The shift began in 2011, when Roadmaster officially formed as a means of merging several large transportation firms. “Before, people at the different companies didn’t necessarily feel they could raise their hand or ask questions,” Baker says. “When we combined the companies, we had to take into account the different culture that each company brought to the table. We spent a lot of time listening to people’s concerns and allowing them to buy into the decisions we were making for the company as a whole.”
Baker, a graduate of Wellesley College and Notre Dame Law School, believes even small shifts in culture can trickle down to every department within an organization. For instance, when the Roadmaster logo evolved to include “the right way,” she noticed a dramatic decrease in the number of complaints filed by former employees against the company.
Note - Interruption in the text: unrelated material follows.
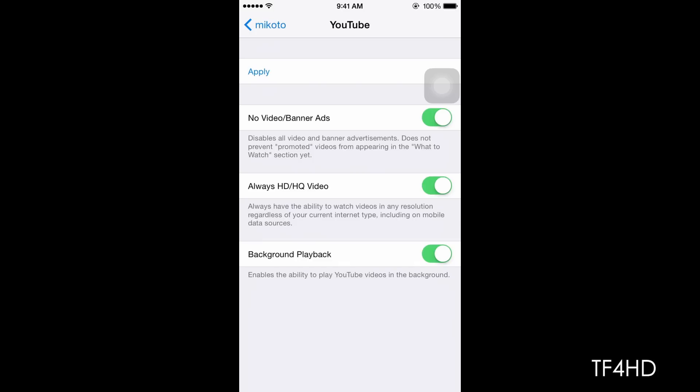For example, if you go to YouTube, you can block the advertisements, you always have HD and HQ video, we have background playback, which means that once you quit the YouTube app, your music will still be playing and that is really useful.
Nevertheless, Roadmaster’s HR goals involve much grander plans than updating a logo. Just recently, the company instituted a bonus-incentive plan for all support-staff members that makes virtually all full-time employees eligible for a quarterly bonus, based on targets set by the company. This plan fosters an environment wherein all employees are moving in the same direction.
“We believe everyone is contributing to the company’s success, and this has been a huge boost for morale,” she says.
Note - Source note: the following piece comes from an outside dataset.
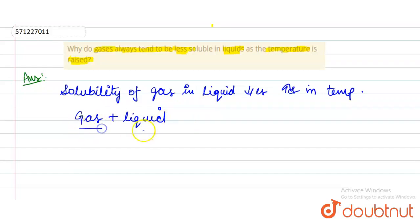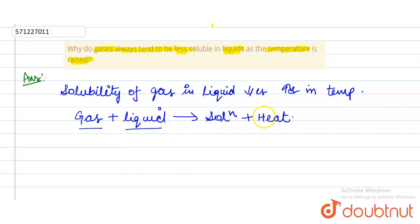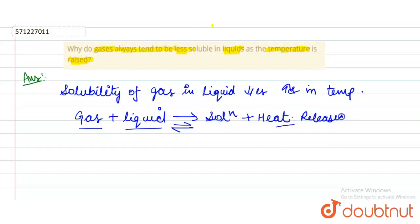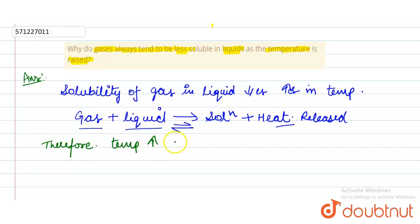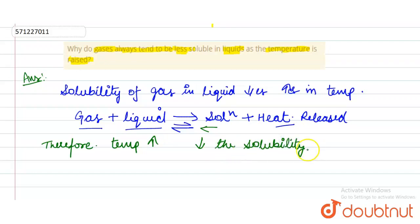The reaction is: gas in liquid gives solution and releases heat. This is an equilibrium process with heat released. Therefore, when the temperature is increased, heat is supplied and the equilibrium shifts backward, thereby decreasing the solubility of the gas.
With Baker’s guidance, in 2012, Roadmaster also updated the payment model for the company’s drivers to a guaranteed salary. “Most of the industry pays drivers by the mile, which we didn’t feel aligns with our culture of safety,” Baker explains, noting that Roadmaster’s drivers are 36 percent female, compared to recent reports that the industry average for female drivers is below 7 percent. “We want drivers to feel we value their work. Since we changed the payment structure, many drivers have been able to buy homes because they have a steady, reliable income.”
Baker and her HR team will unveil new compliance software in spring 2019 that includes classes for professional development. “Some managers feel they currently don’t get much support on how to communicate with employees or how to steer employees toward reaching their potential,” Baker says. “This software will hopefully allow us to provide additional support.”
One of her many goals is also to normalize discomfort in the workplace, for she believes this is necessary for growth. “As a manager, you need to understand that giving feedback is a vulnerable situation for both the person receiving the feedback and the person giving it,” Baker says. “As in-house counsel, I’ve entrenched myself in the business. I never want to be a barrier, so I always take time to understand what my colleagues are trying to accomplish and provide advice on how they can reach their goals within legal parameters.”